Officials with the New York department said whole-genome sequencing could link more outbreaks with their sources, decrease the time to identify those sources, and help characterize drug resistance, toxicity, and virulence.
Whole-genome sequencing also is helping NARMS gather genetic data despite a rise in use of culture-independent diagnostic tests, such as enzyme-linked immunosorbent assay, Dr. McDermott said. Because of that shift, NARMS has been having trouble finding certain pathogens for further study, such as human-source isolates of Campylobacter.

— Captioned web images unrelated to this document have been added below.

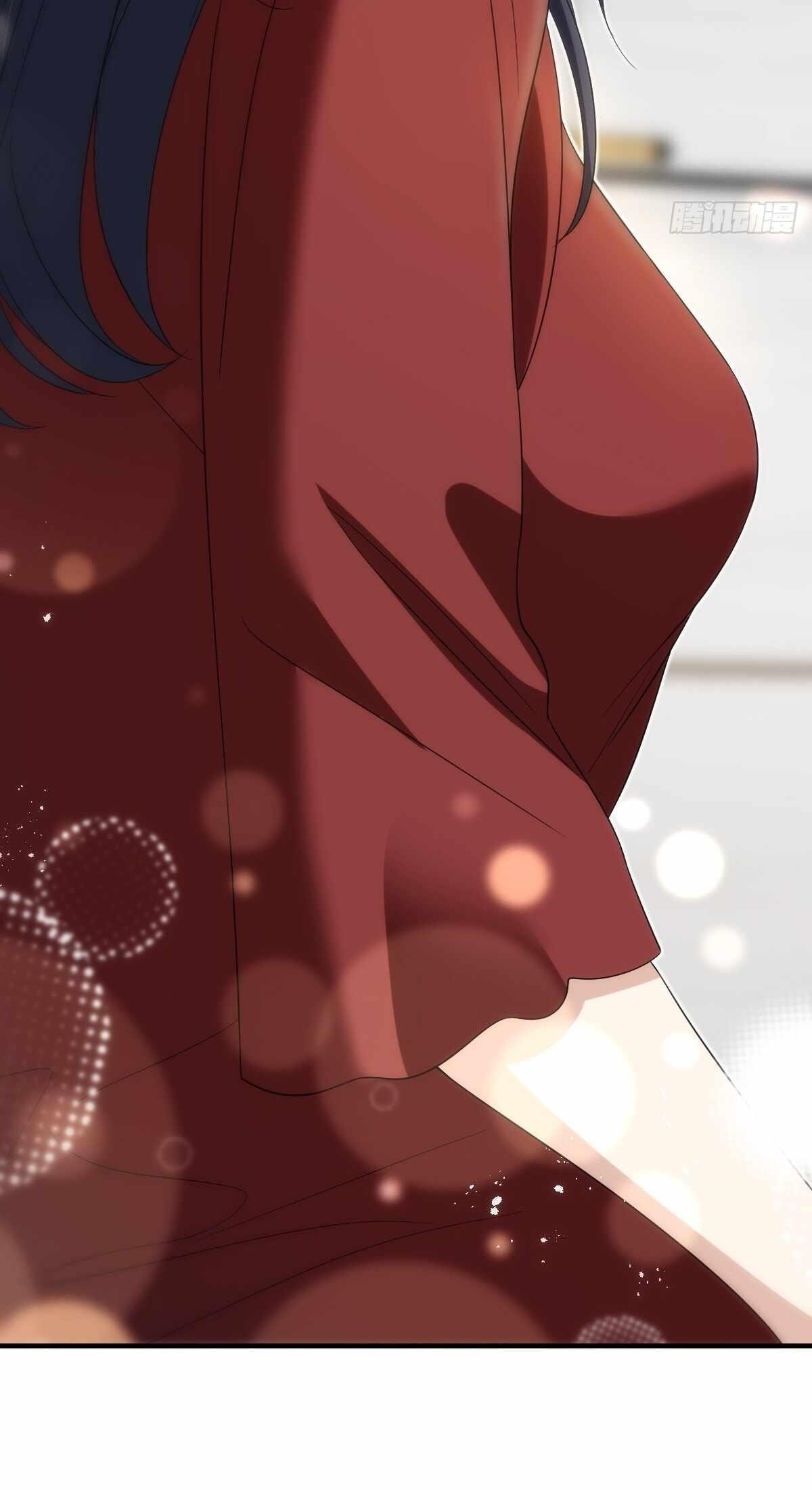 My Wife is From a Thousand Years Ago - Chapter 313 Page 22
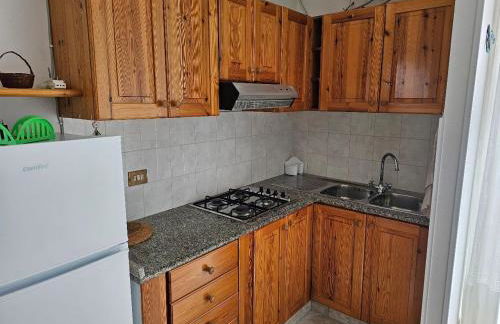 Casa Angela alla Guitgia - Photo 10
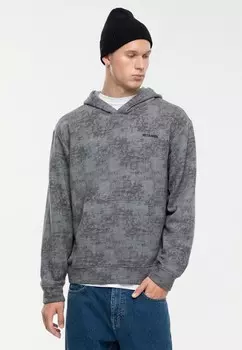 Худи Gloria Jeans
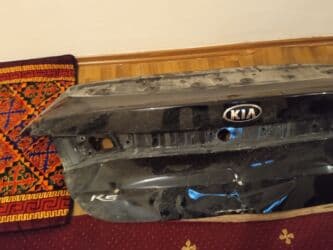 старый автовокзал продажа домов: Другая коммерческая недвижимость — 2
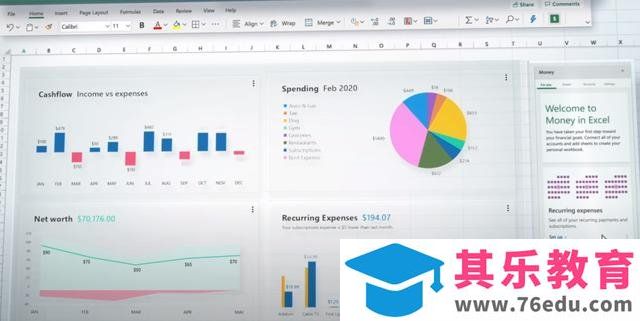 微软要放弃Office这个亲儿子？Office365改名为Microsoft365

He also expects the NARMS program will further expand into metagenomics, isolating and sequencing all DNA in complex samples to examine genes of interest, although he does not know when that could occur.
“You can figure out in a snapshot the taxonomic structure that is sampled—you know, which different families of bacteria are there—and just drill right down from family down to species down to resistance genes,” he said.